Учение Юнга получило дальнейшее развитие в антропологии и истории религии XX века. Труды представителей этих дисциплин, посвященные эволюции человеческих обществ и прослеживающие развитие культуры через регулярное повторение ряда извечных тем, также служат для Кифера источниками вдохновения. Так, Мирча Элиаде описывает фундаментальное для человечества разделение опыта на священное и мирское – две существенно различающиеся категории. «Проявляя священное, – пишет он, – объект превращается в нечто иное, не переставая при этом быть самим собой, то есть продолжая оставаться объектом окружающего космического пространства»[61]. Все человеческие культуры предполагают, согласно Элиаде, наличие трех космических уровней – земли, неба и преисподней, а также axis mundi (оси или центра мира), символами которого могут служить полюс, столб, дерево, лестница, гора или высокая пирамида, связующая все три космических уровня воедино. Этому архетипу отдано центральное место в Осирисе и Исиде Кифера. По-видимому, сюжетом картины является взаимодействие земного и небесного, призванное разрешить противоречия между ними. Таким образом, Кифер использует искусство как терапевтическую практику, направленную на личное и социальное исцеление.
Скептический ключ
По мере перехода от конкретно-исторической к обобщенно-мифологической тематике творчество Кифера становится всё более уязвимым для упреков в некритическом следовании безосновательным допущениям. Многие его картины не имеют никакой реальной основы в современной действительности.

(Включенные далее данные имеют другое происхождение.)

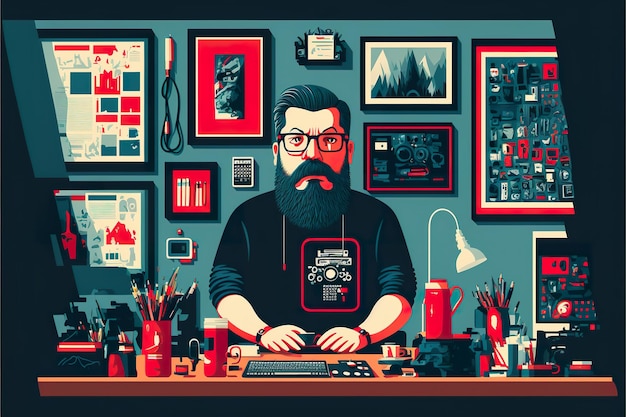 Graphic Designer flat illustration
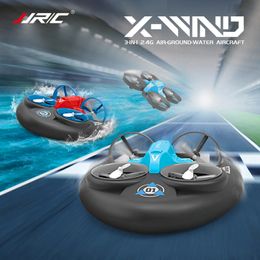 H101 24G Rc Water Land and Air Four Axis Flying Hovercraft Remote Control Vehicle 3in1 Mini Drone Children Toy Gift 240118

Вновь и вновь возвращаясь к теме катастрофы, Кифер в некотором смысле нейтрализовал ее ранящую и потенциально подрывную силу. Она стала привычной и приемлемой. Да и самому Киферу, несмотря на его постоянную озабоченность историческими травмами, присуще вполне уравновешенное мировоззрение, в котором религиозные, мистические и эзотерические традиции мирно сосуществуют с обрывками мифов разных культур под управлением искусного художника-мага.
Столь же привычным и предсказуемым кажется сегодня «большой стиль» Кифера. Его картинам свойственна та же гигантомания, что и академическим полотнам XIX века, в которых официальные живописцы прославляли молодые национальные государства. Сегодня аналогичное прославление осуществляется через инверсию старых ценностей, так что всё антигероическое – трагическое, униженное, подавленное, безобразное, деформированное – работает на утверждение статус-кво. Хотя Осирис и Исида и другие работы Кифера изобилуют историческими отсылками, служащими зерном для мельницы интеллекта, они настораживают некоторых комментаторов возвращением запутанной широковещательной риторики, с которой многие десятилетия боролись модернисты. Кажущаяся доступной, живопись Кифера становится чем дальше, тем более двусмысленной и трудночитаемой.